First published on LinkedIn on Hallowe’en, 2016
Another month over and time to reflect. I attended two conferences this month. The first was the Shared Services UK annual conference in Manchester. I ran a breakfast seminar on behalf of the Institute of Chartered Accountants in England and Wales on the importance of attending to culture when establishing a shared services function. Then it was straight off to Gateshead for the SOLACE Summit. SOLACE is the Society of Local Authority Chief Executives, in case you didn’t know.
The audiences and speakers were quite different at each conference: mostly private sector finance and a few HR professionals at the former, mostly Local Government senior managers at the latter. Despite these differences, the sessions I managed to catch had eerily a similar message: automation is going further than ever before; digital transformation is happening right now; ultimately; should you be afraid … could a robot do your job?
Digital transformation
The Guardian reported this month 47% of jobs in the UK will be lost to automation by 2050 (Oxford University research). Global consulting giants McKinsey & Co. have evidence that companies who have embraced digitisation across the entire enterprise have higher revenues and share prices some 20% – 30% higher than the ‘digital laggards’.
The MJ (the leading publication dedicated to local government in the UK) has a view too. They sagely note that digital transformation only makes sense across silos, which means that local authorities can only embrace digital transformation if they first work on a common shared services infrastructure. It is not lost on me that this sentence neatly brings together the two conferences I attended. It is interesting to note the absence of local authorities at the Shared Services Conference though!
In a special report on digital transformation published last month, The MJ noted that Artificial Intelligence can help prioritise citizens’ needs and direct them towards appropriate services 24/7. Thankfully, they also recognised you still need ‘the human touch’ to deliver those services. Surely this applies to any service that transcends commoditisation, regardless of sector?
That said, you can always do more to standardise, eliminate waste and centralise service provision. Surely, the next logical step once this has been achieved is to automate it?

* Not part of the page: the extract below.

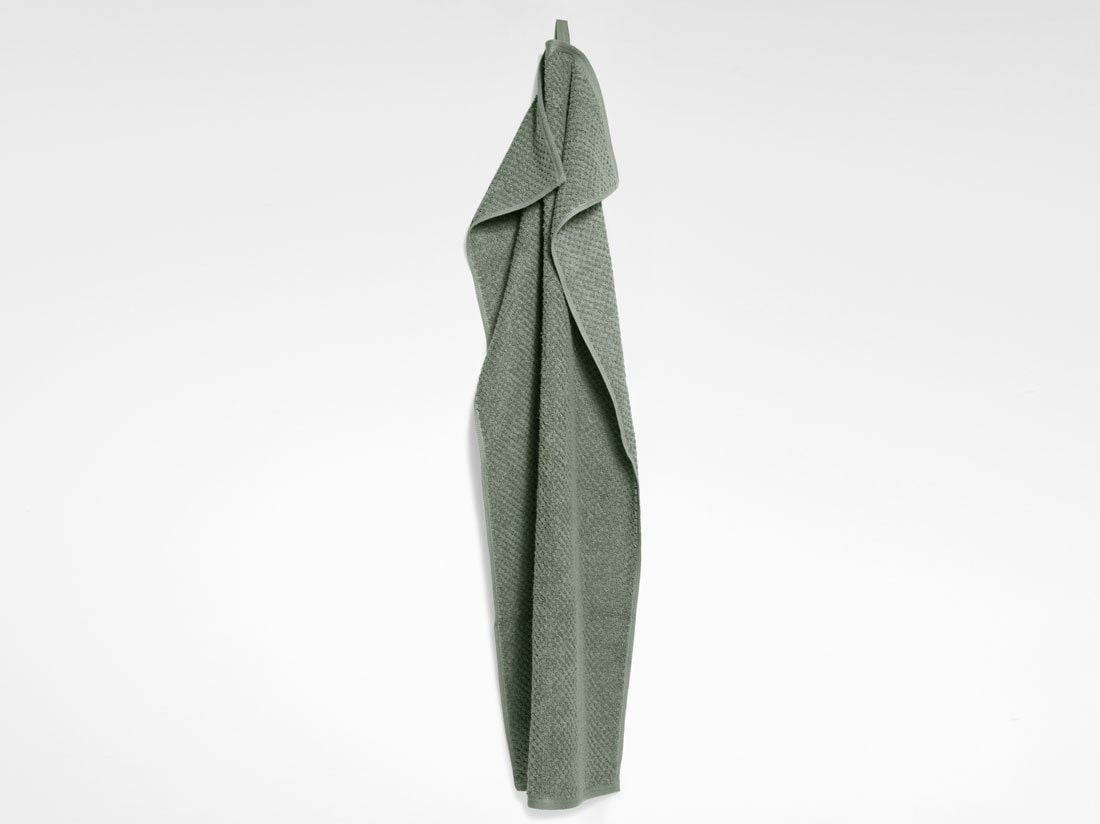 Douchelakens dots stone green 70x140 - 2 st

Whether it’s automation or digitisation, the need to work across silos is paramount. This means more collaboration is needed, and better quality collaboration at that. For me, this points to the need to understand and deliver whole system leadership.
Whole system leadership
Whole system leadership means attending to strategy, operations and relationships and having the leadership skills to balance the needs of each of these organisational elements. To do this effectively you need to develop a collaborative mindset and skill-set in your leadership team.
On strategy, you might want to take heed of Chris Paton. He spoke at the UK Shared Services Annual Conference, recommending you deploy strategy as a live framework rather than a five-year document, obsolete from the moment the ink on it has dried. This requires agility in operations to ensure the strategy remains flexible and responsive. In operations, you’ll need to use this agility to operate beyond vertical silos, invest in efficient common services and then automate.
On relationships, you must provide staff with a vision of how digital technology can improve their working lives and the quality of the services they provide and then invest in their skills to deliver those services excellently.
But whole system leadership means more than that too. There is a real risk of becoming too internally focused and too design-led and as such lose sight of your customers’ needs. So, you must balance the external pull of the market in which you are operating against the internal pull to efficiency. And you must balance the rational, design-led approach to optimising operations with the developmental, emotional engagement of the people you lead, and serve. This is where effective organisational diagnosis comes in.
Collaborative partnering
In the spirit of reflecting on the month, and indeed the year to date, I’d like to share some of the work I’ve been doing recently. I’ve undertaken a lot of work with clients in developing a system-wide view of their organisational effectiveness. We then create joined-up development plans to deliver organisational readiness for the future, perhaps a future of digital transformation. And it’s curious that I’ve delivered more facilitated learning in collaborative partnering skills than any other leadership development topics this year.
You can’t replace customer service with machines, but you need to be ready to work with the machines, collaboratively partner across organisational boundaries and lead the whole system.